"それでもボクはやってない" |
今日は、映画の話題を・・・。
1996年「SHALLWEダンス」において、日本アカデミー賞を独占。
監督賞と脚本賞を受賞し映画界で監督としてその力が認められた 周防正行 監督。
10年ぶりの作品だというこの映画 『それでもボクはやってない』
山形の香澄町にあるフォーラムで鑑賞してきました。
以前 『しこふんじゃつた』 や 『SHALLWEダンス』 では
当時、とても新鮮な映画として楽しませてくれました。
“相撲”や“社交ダンス”や今回の“裁判”といった
かつての映画監督 故“伊丹十三”の、『お葬式』や『マルサの女』などのような
一点を見据えて掘り下げてゆく彼のその方法とよく似ている感じがします。
思えば“周防監督”は、『マルサの女』の撮影現場を追ったオリジナルメイキングビデオ
1987『マルサの女をマルサする』や
1988『マルサの女2をマルサする』(演出・構成・一部撮影を担当)などを
制作しているわけだから、“小津安二郎”を尊敬しているという彼ではあるが
その手法において“伊丹十三”にも影響を受けたのではないだろうか。
そして『それでもボクはやってない』・・・・あっという間の二時間半
私は、大分前に、わけあって実際に裁判を傍聴した事がありました。
忘れていたその時の雰囲気が蘇って来ます。
裁判室内のそのカメラアングルと、裁判が厳粛な中でテンポ良く展開していく小気味よさに
思わず引き付けられていました。
この映画、監督が地道に取材を重ね、人が人を裁く難しさや人の真実を見極めるあやうさなど
2009年に“裁判員制度”が開始される事も当然見据え
その日本の裁判制度へ疑問を投げかける・・・そんな作品でした。
見終わった後に
いつの間にか、スクリーンの中で自分がすっかり傍聴人になったり
弁護士や検察官になっていたりと
周防監督の意図するその真実を見極める“あやうさ”に、自分も知らず知らずに
巻き込まれていることに気づきます。
そして自分も無意識に先入観といった思い込みの判断で、もしかすると人の人生を
狂わせてしまうかも知れない・・・・という怖さを感じさせるのです。
この“痴漢免罪”・・・逆に 「やりました・・。」と
たとえば・・嘘をついたほうが留置という“罰“が軽くなる・・・・という矛盾!
そして、
人を裁くためだけに教育されてきた“裁判官”のその信頼性について疑問を持った時
日本の裁判制度そのものが揺らいでしまう、そんなあやうさを感じさせる映画でした。
これまでの“冤罪事件”がどうして生まれたのか、時代が違っていても
その過程がよくわかります。
この映画、人間味溢れる弁護士役の“役所広司”が、その素晴らしい演技力で
各場面をキリッと引き締めていました。
写真は役所広司と周防正行監督(ネットから)
周防監督のそのすました顔が・・・おかしい!
それにも増して、起訴されてしまう徹平を演じた“加瀬亮”は
裁判というシステムの中で翻弄されていく頼りなげな弱さと芯の強さを
あわせ持つ若者を、繊細な演技で見事に演じて見せました。
私は、すばらしい役者だと思いました。
クリント・イーストウッド監督作品 『硫黄島からの手紙』 でも
若き才能としてその演技力が注目されているようです。
映画としての感動というよりは、別な意味でドキュメンタリー的な感覚で観てしまうこの作品。

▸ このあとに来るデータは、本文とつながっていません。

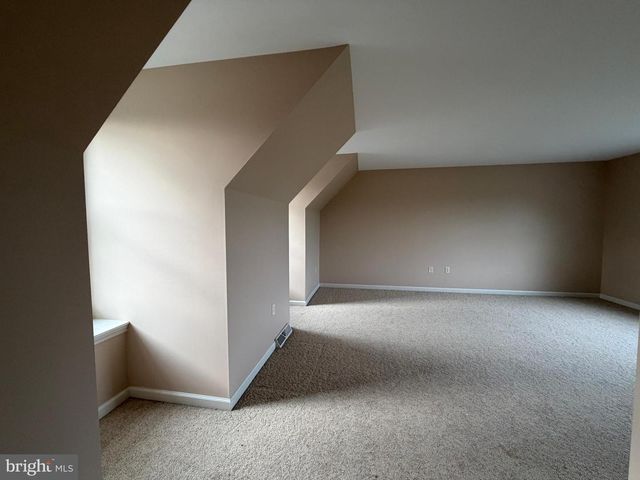 451 FENCEPOST LN, Palmyra, PA 17078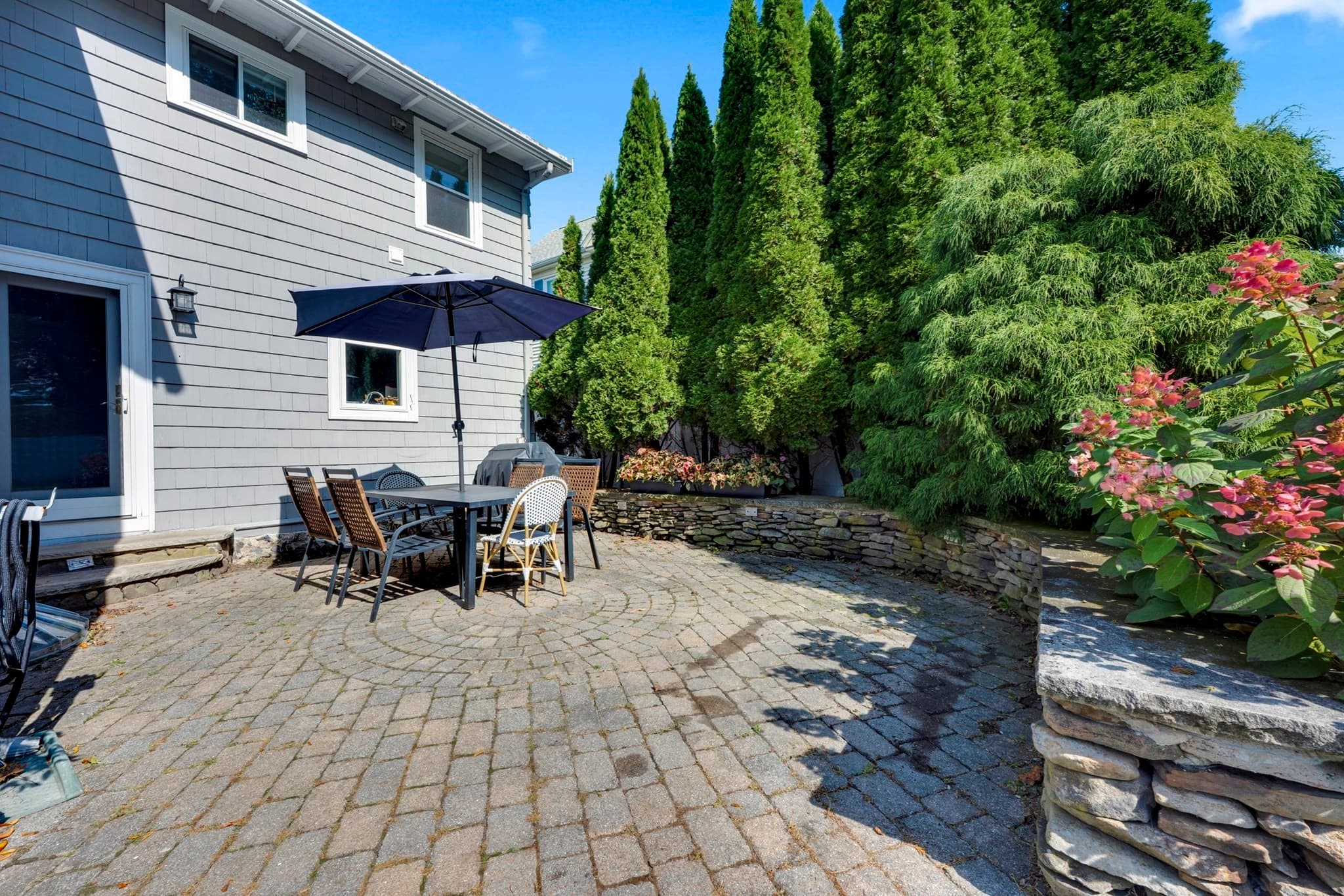 Single Family Residence at 18 Sturgis St, Woburn MA 01801, Woburn, photo 28 of 39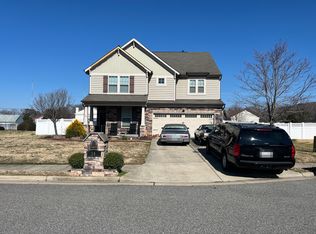 14 Hyde Park Ct, Hampton, VA 23669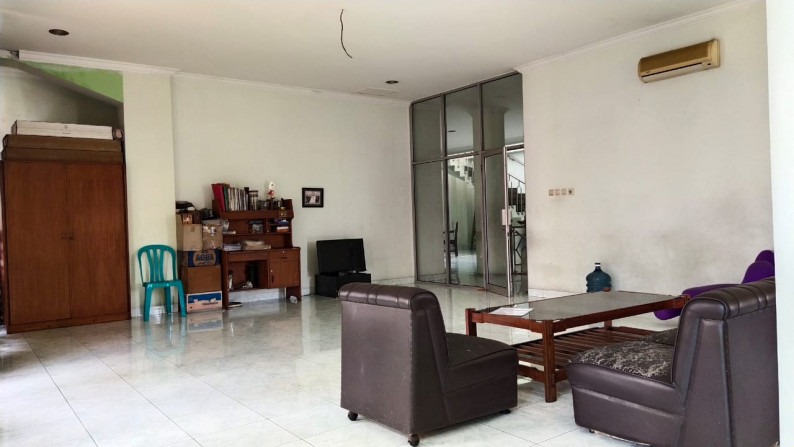 DIJUAL Rumah di Komplek Taman Harapan Indah (THI) - Jakarta Barat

むしろ、弁護士や検察官や裁判官にも客観的な視点で是非鑑賞していただき
日本の裁判制度の問題点の解決のために・・・などと思ってしまいます。
周防監督は、元東京高裁判事 木谷明氏の著書「刑事裁判の心」を読んで感動し、
同氏に協力を求めその監修の下にこの映画は製作されたのだそうです。(ネットから)
これまで7本しか撮っていない監督のこの注目度の確率はすごいと思います。
フォーラムで「あなたは有罪・無罪」というアンケートとして渡されたこの用紙に
書き込もうとした時、一瞬戸惑ってしまう自分がありました。
一般市民が「人が人を裁く」 という、2009年の“裁判員制度”が
罪と罰!・・・・はたしてこの制度で人の心を見極める事が出来るのか?
突然ですが
周防監督が「shallwe ダンス」で射止めた奥様である
バレリーナ“草刈民代”の
映画にも通じそうな軽いけど面白い文章を見つけたので最後に紹介。
バレエを観るのに予備知識はいらない。
誰もが持っている自分の感性という「ものさし」で
じゅうぶん分かるはずだ
と信じている。
さまざまな「ものさし」を持っている人の
目に触れることでバレエそのものが磨かれ
踊り手である私を新しい世界へ導いてゆく。